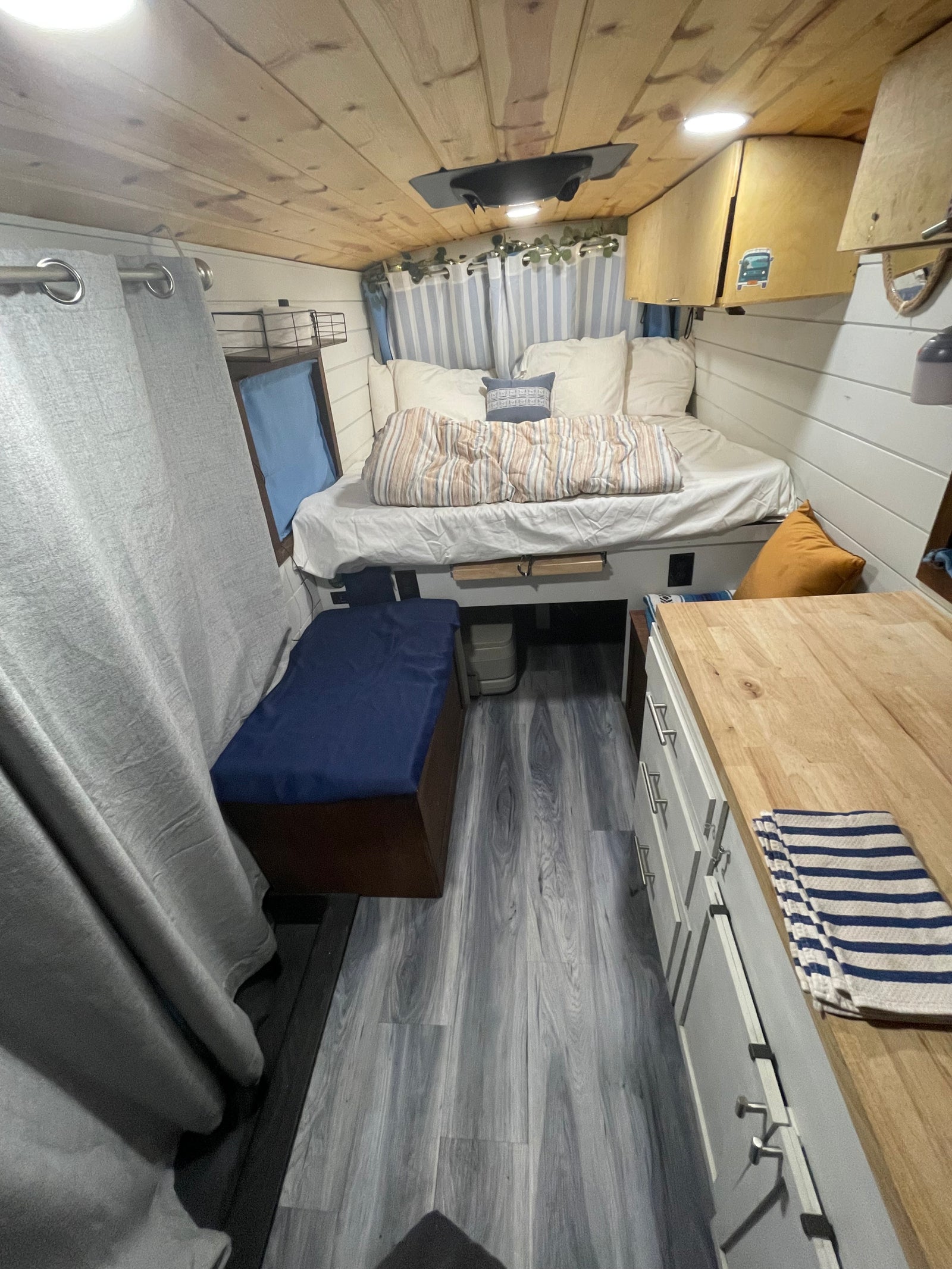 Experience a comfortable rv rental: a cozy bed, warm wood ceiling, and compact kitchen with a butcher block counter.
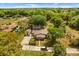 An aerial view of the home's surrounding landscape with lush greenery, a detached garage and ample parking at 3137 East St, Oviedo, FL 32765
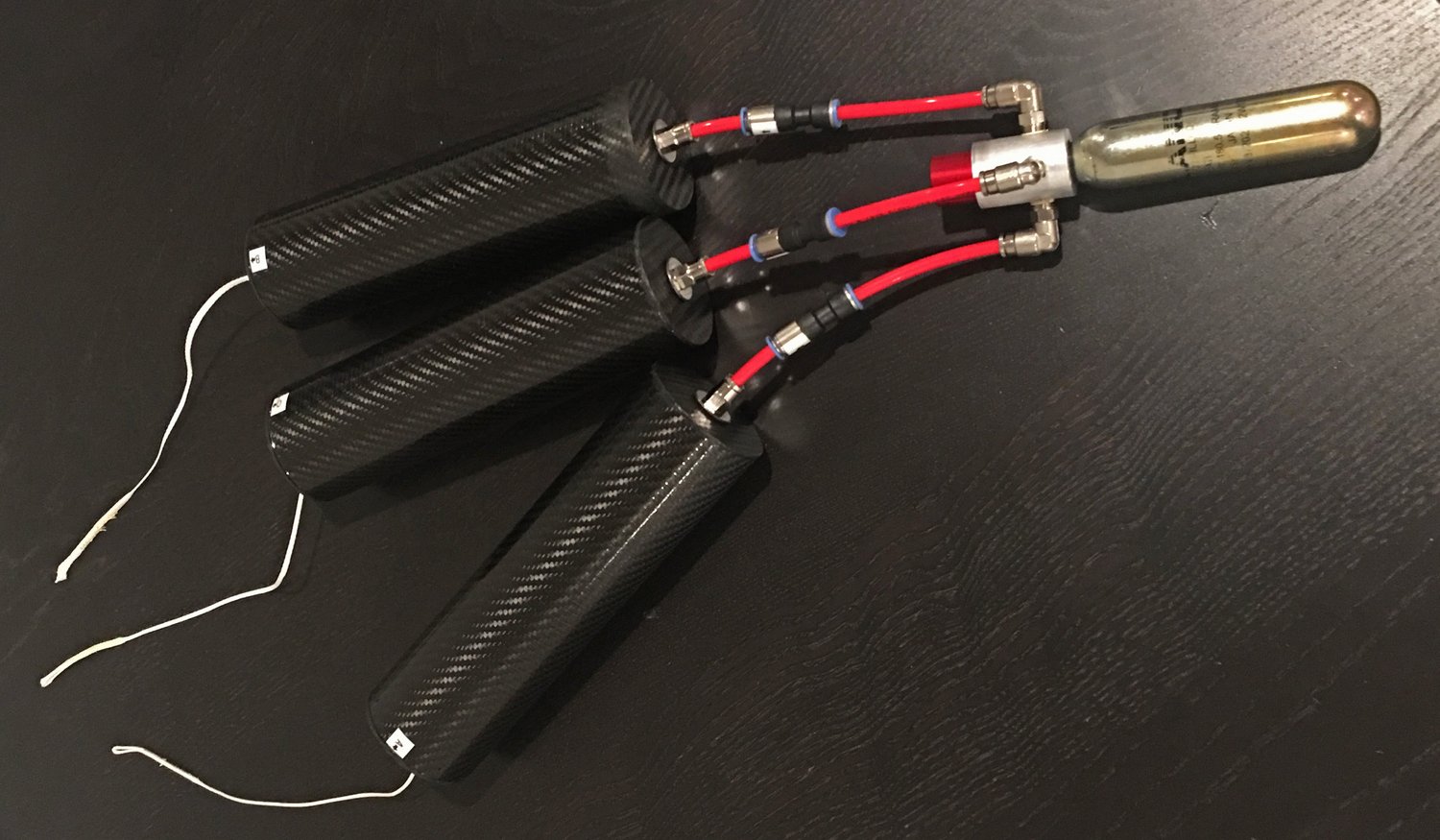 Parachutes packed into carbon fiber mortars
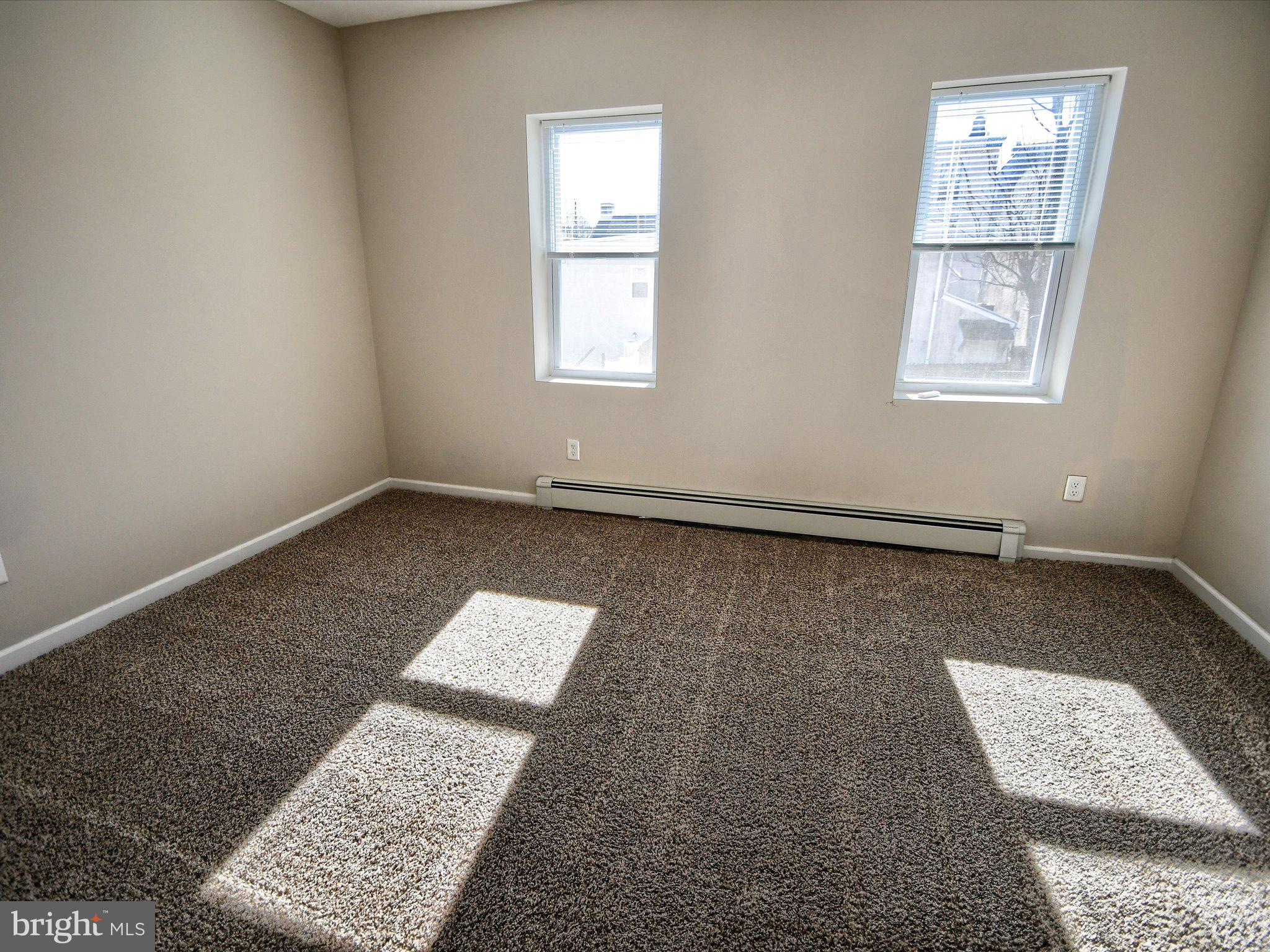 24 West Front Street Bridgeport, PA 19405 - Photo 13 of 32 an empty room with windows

--

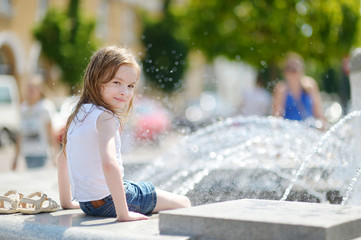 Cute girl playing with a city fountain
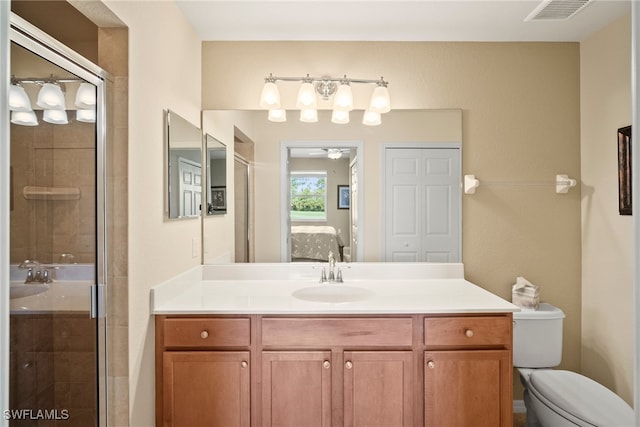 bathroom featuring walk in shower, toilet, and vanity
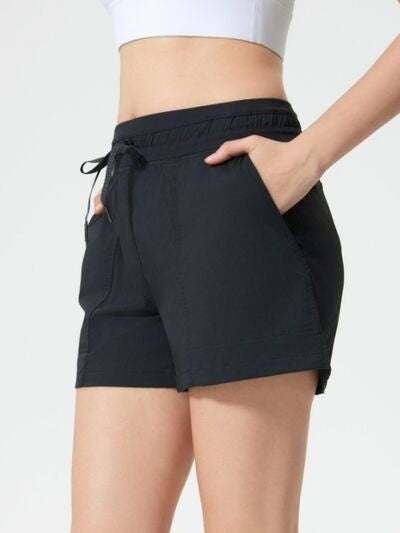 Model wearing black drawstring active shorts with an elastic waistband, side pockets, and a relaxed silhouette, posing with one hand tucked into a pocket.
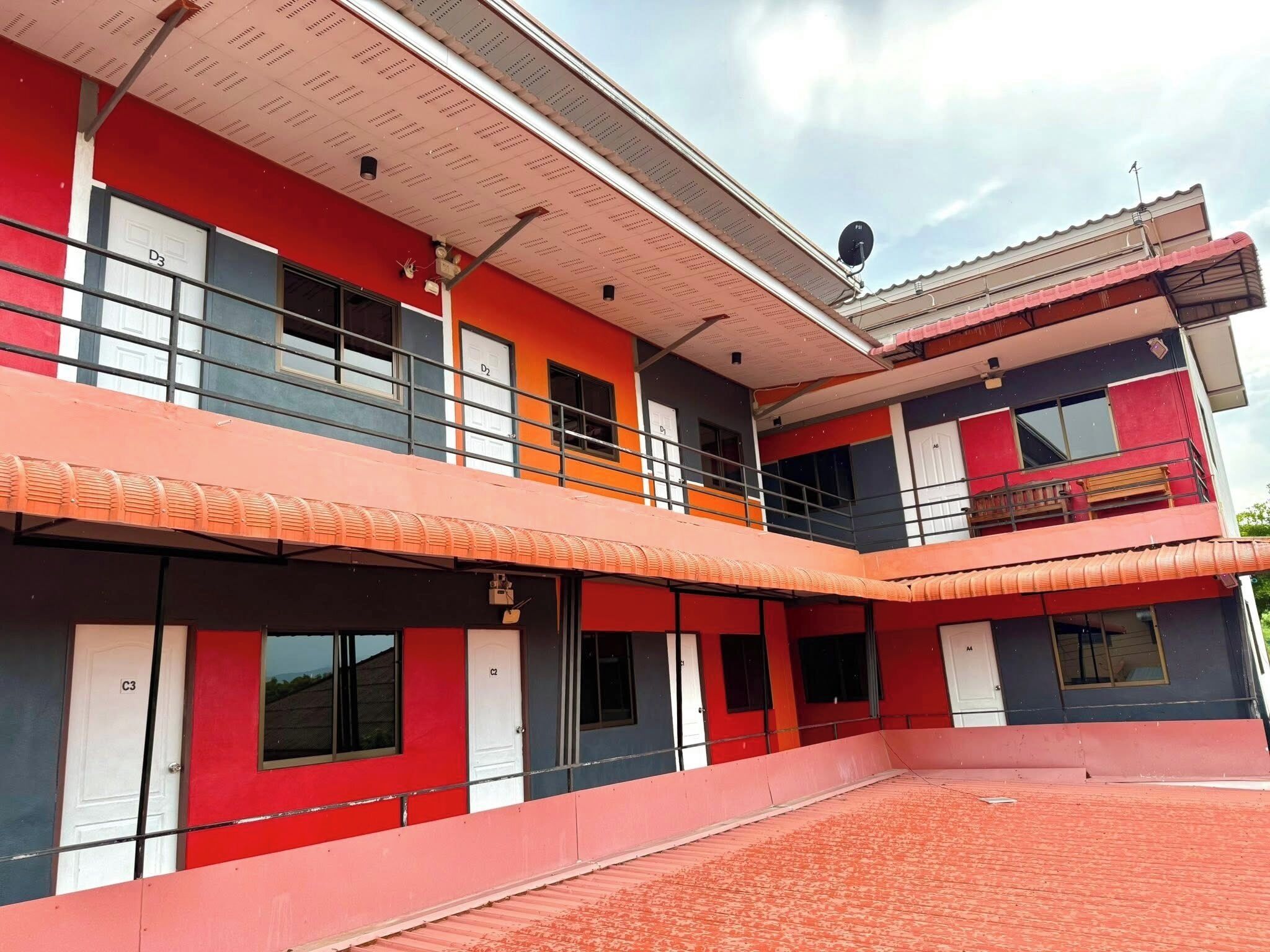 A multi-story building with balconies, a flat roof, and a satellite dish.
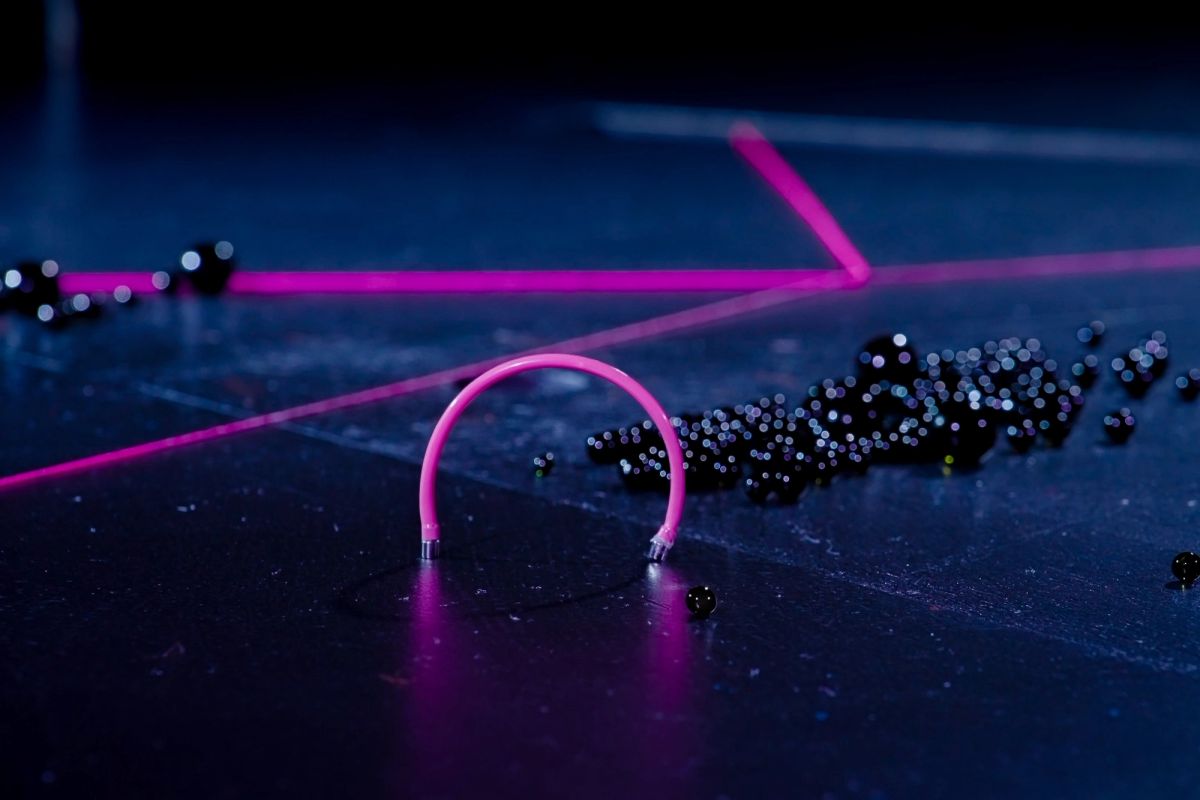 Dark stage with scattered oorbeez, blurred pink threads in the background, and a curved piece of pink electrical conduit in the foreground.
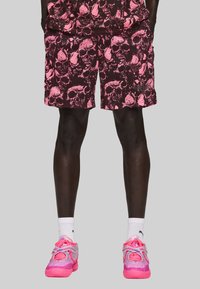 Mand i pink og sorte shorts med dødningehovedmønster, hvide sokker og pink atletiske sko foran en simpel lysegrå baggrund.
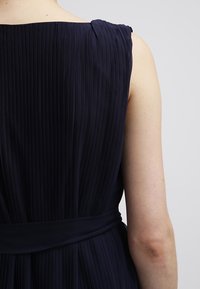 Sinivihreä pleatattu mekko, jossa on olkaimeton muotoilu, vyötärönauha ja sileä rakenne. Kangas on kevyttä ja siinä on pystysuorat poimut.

...

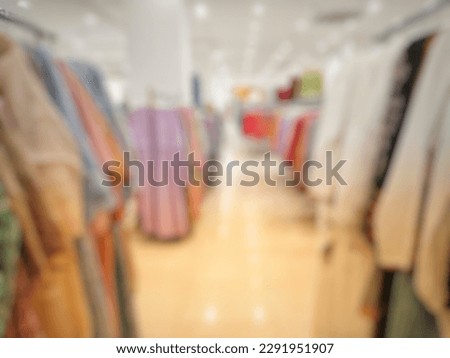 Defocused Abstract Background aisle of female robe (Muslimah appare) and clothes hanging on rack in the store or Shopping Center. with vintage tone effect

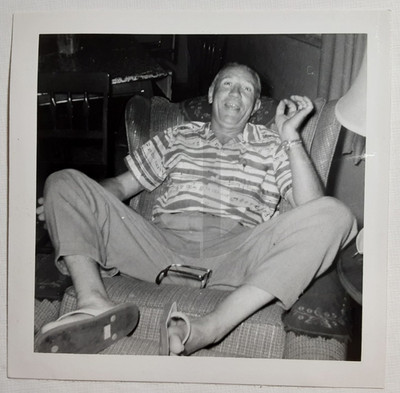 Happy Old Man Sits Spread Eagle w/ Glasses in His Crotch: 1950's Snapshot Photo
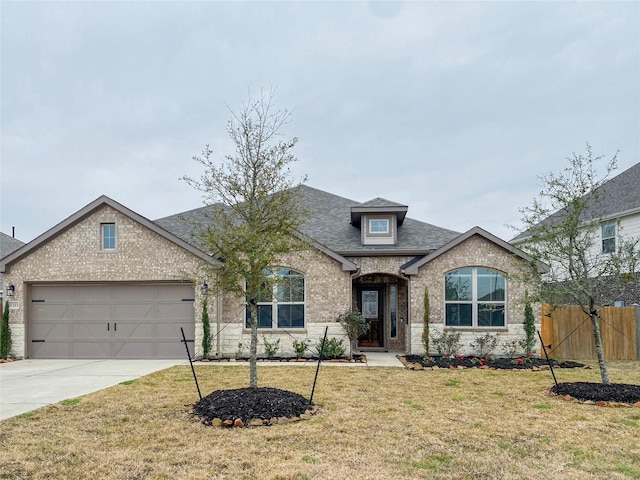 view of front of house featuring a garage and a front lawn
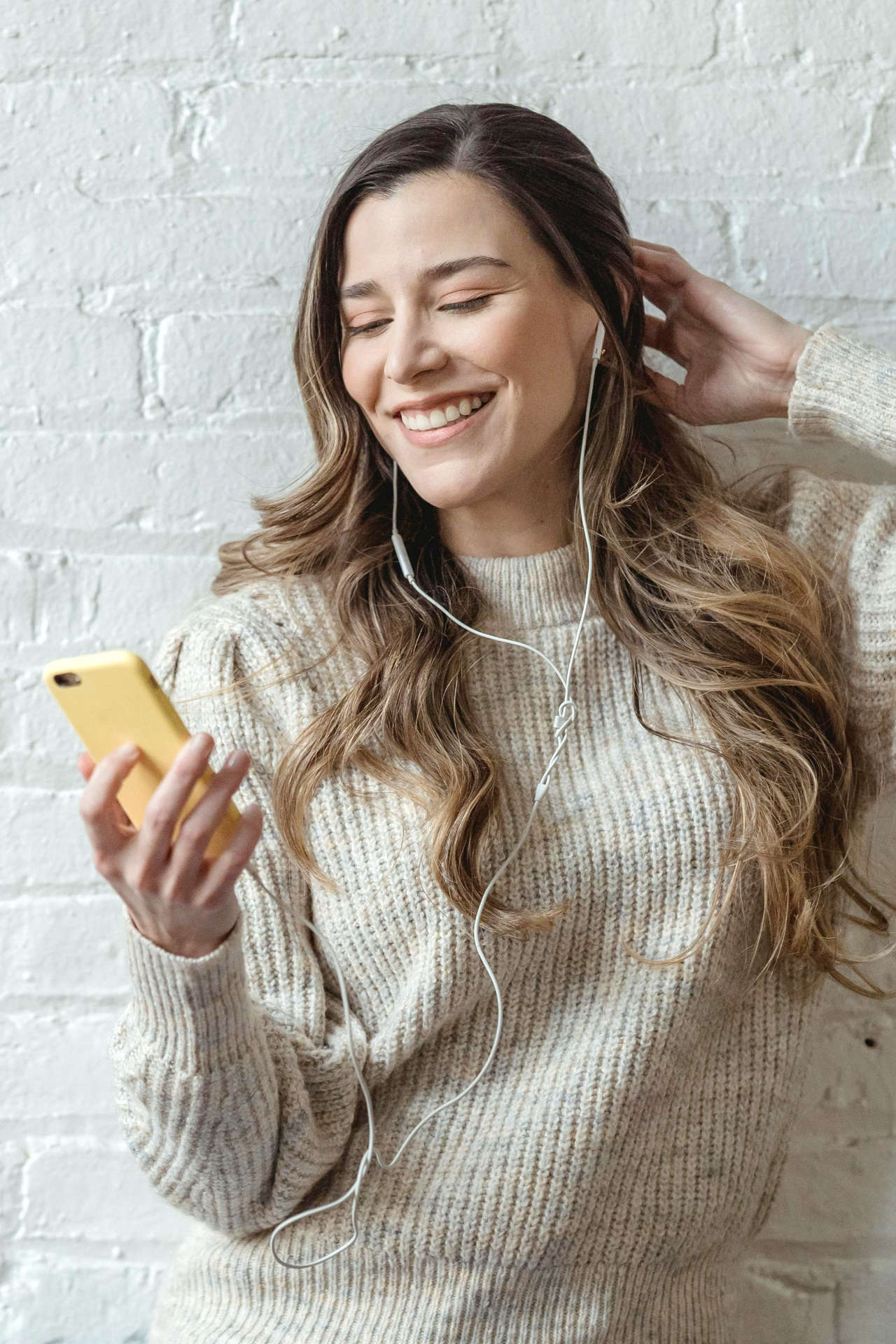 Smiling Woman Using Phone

- _EXERCISE PROMPT_
In the listing above, find the line with "Defocused Abstract Background" and the line with "Smiling Woman Using Phone". Set down exactly those lines and everything between them, skipping pictures.

- _EXERCISE RESULT_
 Defocused Abstract Background aisle of female robe (Muslimah appare) and clothes hanging on rack in the store or Shopping Center. with vintage tone effect

 Happy Old Man Sits Spread Eagle w/ Glasses in His Crotch: 1950's Snapshot Photo
 view of front of house featuring a garage and a front lawn
 Smiling Woman Using Phone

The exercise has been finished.